In response to an AFP inquiry, BlackBerry maker Research In Motion dismissed any concerns by the French government as needless reaction to a "rehashed two-year-old rumour" that US spies peek into its network.

"No one, including RIM, has the ability to view the content of any data communication sent using the BlackBerry Enterprise Solution because all the data is encrypted," the Canada based BlackBerry maker said.

"The origin of the emails cannot be traced or analysed for content."

'Risk of security breach'

BlackBerry devices are used by more than 700 000 government workers worldwide, according to RIM.

European officials have long suspected that a US-led program code-named Echelon established during the Cold War to intercept and decode electronic messages has been used to spy on their nations since the Iron Curtain's fall.

Speculation that the NSA or other spy organisations siphon information from BlackBerry e-mails routed through servers in the US, Canada or elsewhere is "false and misleading," RIM contends.

But privacy advocates and hacker groups counter that once data is sent wirelessly it is vulnerable to interception and that breaking encryptions is a matter of technology and time.

"Whenever information is transferred in wireless mobile form there is always risk it will be captured and hacked into; that is just the nature of wireless transmission," Ngo said.

"A lot of people don't think about the broader implications when they are using their cell phone or their mobile device. People need to understand that with convenience comes the risk of security breach."

A federal judge in San Francisco is presiding over a slew of civil cases accusing US telecom agencies of letting NSA agents secretly tap into cables used to carry e-mail messages.

An AT&T worker testified in one case that AT&T diverted fiber optic lines in a San Francisco facility through a room reserved for NSA agents that assumedly scanned emails in the name of fighting terrorism.

'Information never really safe'

US lawyers are trying to get the cases thrown out of court in the interest of national security.

"In this day and age, with everything digital, no type of information is ever really safe," said Ngo. "The warrantless surveillance stuff is everywhere."

Conspiracy theorists maintain Echelon flourishes and involves industrial espionage.
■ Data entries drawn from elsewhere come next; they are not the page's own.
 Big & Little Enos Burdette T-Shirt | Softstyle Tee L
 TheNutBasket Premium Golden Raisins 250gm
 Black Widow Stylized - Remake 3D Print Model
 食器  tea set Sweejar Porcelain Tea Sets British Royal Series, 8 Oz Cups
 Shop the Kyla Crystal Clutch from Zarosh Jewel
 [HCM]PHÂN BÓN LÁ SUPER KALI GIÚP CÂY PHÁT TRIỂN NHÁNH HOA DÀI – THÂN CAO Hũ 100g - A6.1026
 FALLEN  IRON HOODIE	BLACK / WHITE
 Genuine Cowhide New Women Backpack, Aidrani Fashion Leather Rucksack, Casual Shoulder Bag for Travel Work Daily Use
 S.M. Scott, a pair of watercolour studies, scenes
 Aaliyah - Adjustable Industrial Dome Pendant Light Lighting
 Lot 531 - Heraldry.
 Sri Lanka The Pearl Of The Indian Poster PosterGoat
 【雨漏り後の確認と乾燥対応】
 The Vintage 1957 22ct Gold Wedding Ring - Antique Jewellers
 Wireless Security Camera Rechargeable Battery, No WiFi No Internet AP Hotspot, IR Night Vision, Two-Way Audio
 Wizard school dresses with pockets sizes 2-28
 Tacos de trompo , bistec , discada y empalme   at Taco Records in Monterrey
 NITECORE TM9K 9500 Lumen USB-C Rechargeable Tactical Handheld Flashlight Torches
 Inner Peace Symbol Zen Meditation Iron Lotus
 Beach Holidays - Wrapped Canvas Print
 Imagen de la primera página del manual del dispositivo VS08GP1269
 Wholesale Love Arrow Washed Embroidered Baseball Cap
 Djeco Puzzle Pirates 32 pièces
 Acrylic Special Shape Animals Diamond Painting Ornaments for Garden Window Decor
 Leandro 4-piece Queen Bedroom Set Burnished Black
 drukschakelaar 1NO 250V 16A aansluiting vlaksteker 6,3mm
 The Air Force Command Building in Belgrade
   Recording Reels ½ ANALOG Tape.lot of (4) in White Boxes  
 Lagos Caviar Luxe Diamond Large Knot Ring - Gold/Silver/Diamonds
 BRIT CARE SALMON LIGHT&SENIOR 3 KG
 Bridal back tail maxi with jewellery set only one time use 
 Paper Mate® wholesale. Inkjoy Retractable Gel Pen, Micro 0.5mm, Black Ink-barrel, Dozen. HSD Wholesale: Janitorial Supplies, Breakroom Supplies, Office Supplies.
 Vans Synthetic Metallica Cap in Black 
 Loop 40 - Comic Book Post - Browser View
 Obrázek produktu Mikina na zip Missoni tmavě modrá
The United States, Canada, Australia, New Zealand and Britain are said to collaborate in the increasingly sophisticated electronic snooping.

An NSA website posting last year described a mission to "intercept and analyze foreign adversaries' communications signals many of which are protected by codes and other complex countermeasures."

People should vigilantly guard sensitive information, no matter what technology they use, privacy advocates advise.

"Cut down on the information you are just throwing out there for people to pick up and you will make your life a lot more secure," Ngo advises.

"Whether you are using wireless, landline, or handing a piece of paper to an assistant, it has to have enough security safeguards."